__Required work__. Apart from any images, the entries are to be output exactly.

__Input material__.
========
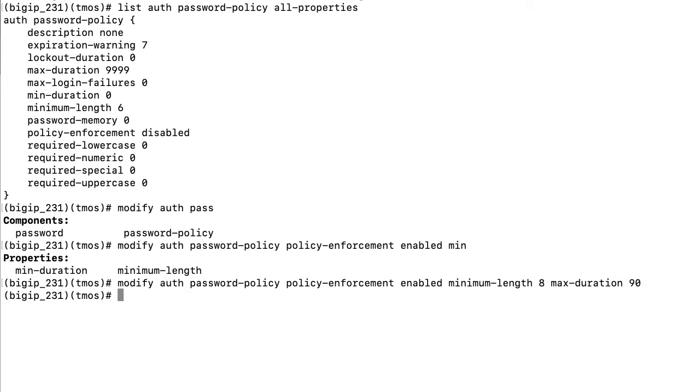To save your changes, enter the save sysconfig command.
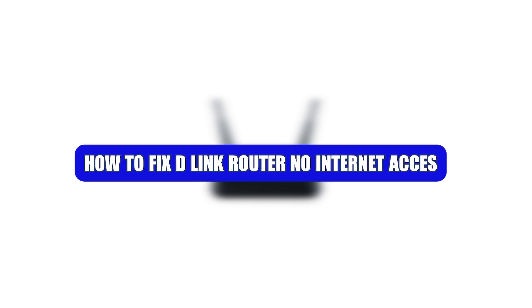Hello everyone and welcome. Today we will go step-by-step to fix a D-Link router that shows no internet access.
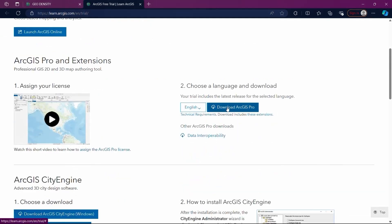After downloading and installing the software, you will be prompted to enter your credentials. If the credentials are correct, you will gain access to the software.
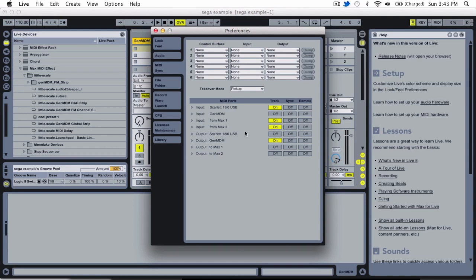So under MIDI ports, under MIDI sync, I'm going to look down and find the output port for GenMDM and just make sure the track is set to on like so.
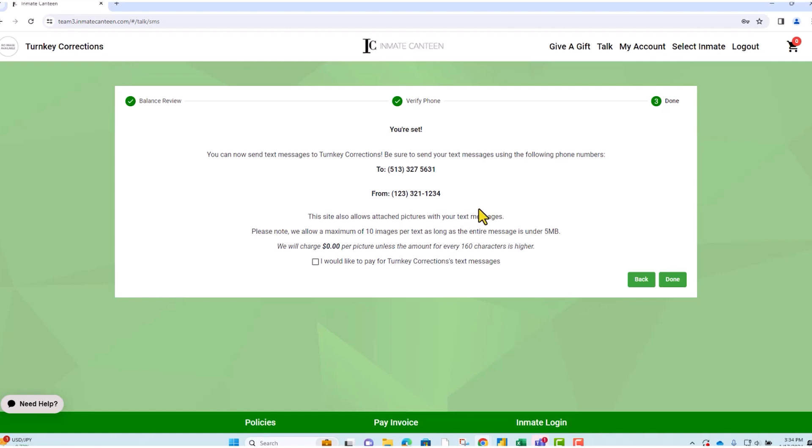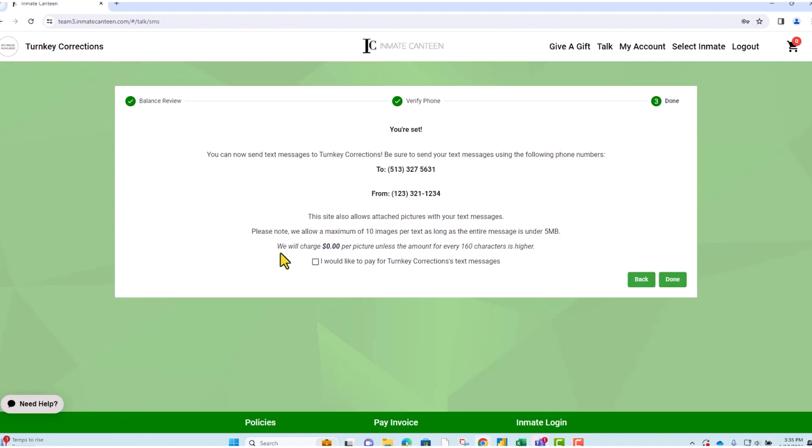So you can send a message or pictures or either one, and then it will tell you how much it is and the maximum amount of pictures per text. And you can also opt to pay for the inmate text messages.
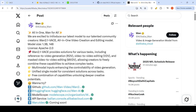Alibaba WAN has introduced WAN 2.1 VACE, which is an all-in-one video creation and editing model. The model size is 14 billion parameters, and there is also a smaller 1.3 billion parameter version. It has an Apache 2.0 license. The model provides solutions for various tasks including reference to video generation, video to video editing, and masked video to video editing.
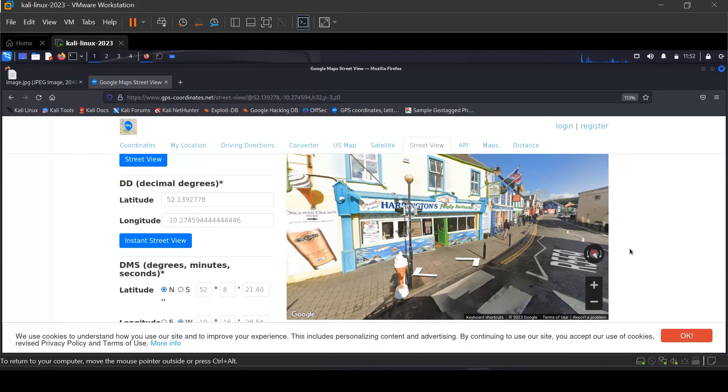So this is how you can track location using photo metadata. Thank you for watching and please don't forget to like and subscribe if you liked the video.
========
__Result of this exercise__.
To save your changes, enter the save sysconfig command.
Hello everyone and welcome. Today we will go step-by-step to fix a D-Link router that shows no internet access.
After downloading and installing the software, you will be prompted to enter your credentials. If the credentials are correct, you will gain access to the software.
So under MIDI ports, under MIDI sync, I'm going to look down and find the output port for GenMDM and just make sure the track is set to on like so.
So you can send a message or pictures or either one, and then it will tell you how much it is and the maximum amount of pictures per text. And you can also opt to pay for the inmate text messages.
Alibaba WAN has introduced WAN 2.1 VACE, which is an all-in-one video creation and editing model. The model size is 14 billion parameters, and there is also a smaller 1.3 billion parameter version. It has an Apache 2.0 license. The model provides solutions for various tasks including reference to video generation, video to video editing, and masked video to video editing.
So this is how you can track location using photo metadata. Thank you for watching and please don't forget to like and subscribe if you liked the video.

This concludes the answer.